Characterising neurocognitive impairment in young people with major depression: state, trait or scar?

Poster B27, Friday, October 21, 11:30 am - 1:00 pm, Le Baron

Kelly Allott1,2, Caroline Fisher3,4, Paul Amminger1,2, Joanne Goodall1,2, Sarah Hetrick1,2; 1Orygen, The National Centre of Excellence in Youth Mental Health, Parvkille, Australia, 2Centre for Youth Mental Health, The University of Melbourne, Parkville, Australia, 3The Melbourne Clinic, Richmond, Australia, 4Royal Melbourne Hospital, Parkville, Australia

Purpose: Major depressive disorder (MDD) affects a quarter of adolescents and young adults and is associated with the greatest global burden of disease in this population.

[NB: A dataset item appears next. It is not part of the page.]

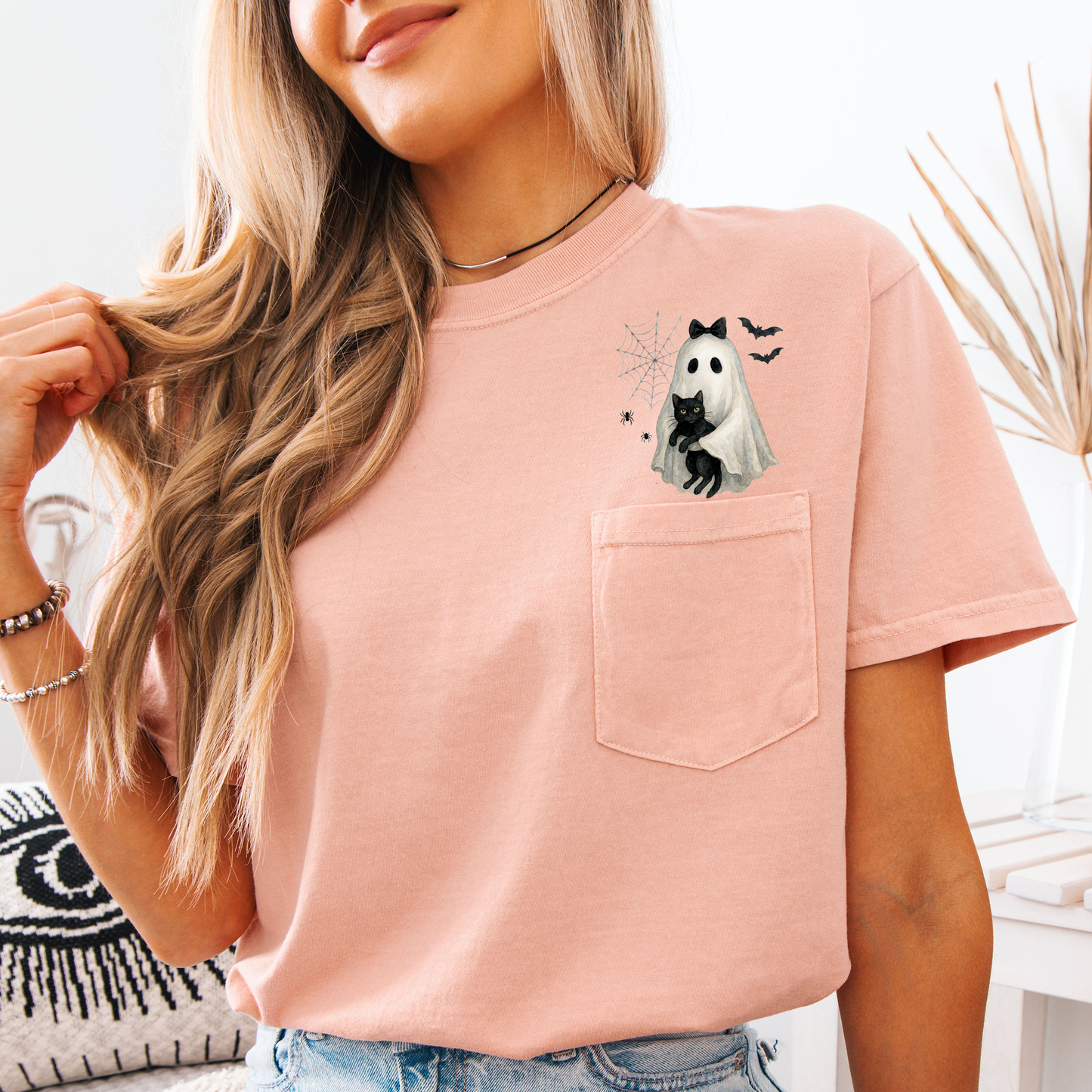 Cute Ghost Black Cat Pocket Comfort Colors T-Shirt Refinery Number One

There is growing literature, mostly in adults, showing that clinically significant neurocognitive impairments are common in MDD. It is unclear whether these impairments are pre-existing trait (risk) markers of MDD, state-related impairments that fluctuate with depressive symptoms, or ‘scar’ impairments that worsen with illness progression. AIM: To provide a conceptual framework for understanding neurocognitive impairment in MDD and to examine the current evidence for neurocognitive deficits as trait, state, and/or scar features of MDD. Method: Examination of evidence for neurocognitive deficits as trait, state, and scar features of MDD in adolescence and young adulthood (ages 12-25 years) was conducted. Results: The few premorbid and family studies conducted in youth provide equivocal evidence for neurocognitive impairments as trait markers of MDD. There are a limited, but growing number of longitudinal studies with repeated neurocognitive assessment in youth. Studies that examined neurocognition prior to the onset of MDD and with long-term follow-up provide tentative evidence for cognitive scarring. The presence of state-based neurocognitive impairment is unclear as evidence comes mostly from cross-sectional studies. Conclusion: Neurocognitive impairment is a feature of MDD in adolescents and young adults. To better understand the nature, timing and pattern of impairment, longitudinal studies examining neurocognition before and after the development of full-threshold MDD, including following recurrence are needed. This knowledge will have important implications for mechanisms, prevention and treatment of MDD.